Islamicate movies—Muslim socials, historicals or Muslim devotionals—he discovered, often contained such songs. Films with exotic locations and themes and even those made in the 1960s and ’70s about criminals, outlaws and ‘outsider’ characters like Jahazi Lutera, Jungle Princess and Behram Daku, he found had qawwalis. Even Sholay’s Mehbooba Mehbooba, Saeed points out, is a qawwali-like rhythmic song as it uses central Asian instruments like duff and rubab, Arabian belly dance and Urdu lyrics.
What makes it to an archive requires cross referencing other textual databases, watching entire films and a movie’s listed songs
Specific playback singers were also yet another way of locating qawwalis. While Mohammad Rafi—who sang the largest number—and others like Manna Dey, Mahendar Kapoor, Asha Bhonsle and Lata Mangeshkar lent their voices to qawwalis, there were also traditional qawwals like Yusuf Azad, Ismail Azad, Jani Babu, Aziz Naza and Shakeela Bano Bhopali who sang for films. Bhopali in fact, was so popular that a flop film could allegedly be turned into a hit when re-released with a qawwali featuring her. Saeed also shares that while the male qawwal’s voice was often used in songs, Bhopali’s wasn’t because it had a certain hoarseness, more suited to the urban folk songs she usually sang. “But she had the looks and ada’en [emotional posturing] of a qawwali singer and so, was a regular presence.”

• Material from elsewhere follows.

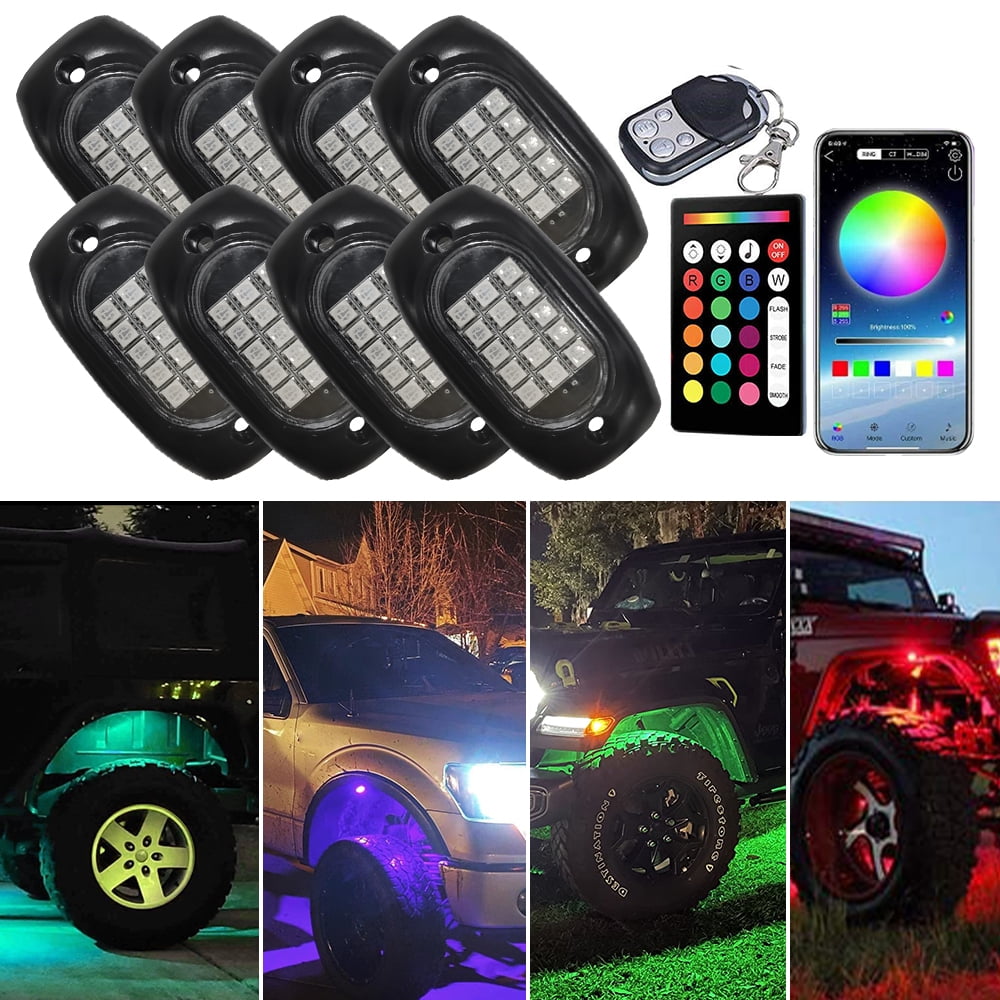 AUXITO 8x RGB LED Rock Exterior Decorative Lights fits Universal Under Car Multicolor, 8 Pieces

Moreover, first, Saeed had to arrive at a definition of the cinema qawwali before he could determine which songs would make their way into the archive. The qawwali in cinema, Saeed explains, has a strong visual element. “More than the aural specifications, it has to ‘look’ like a qawwali,” he insists. This would typically mean a group singing on a stage, specifically for an audience rather than just for the viewer of the film. It would be accompanied by a type of clapping with palms pressed together and rotated in opposite directions, the use of a specific qawwali theka (style), and close-up shots of harmonium keys and also dholaks and tablas. The performers would also usually be dressed in shiny sherwanis, decorated crooked caps, have handkerchiefs tied to their hands and be seen eating paan. “They did establish a stereotype of the Muslim community,” Saeed admits. The qawwali also functioned as a storytelling device, serving to break the monotony of the story while also often challenging the actions of a character in the film. They are ultimately light, funny and energetic songs. As Saeed insists, “there are no sad qawwalis”.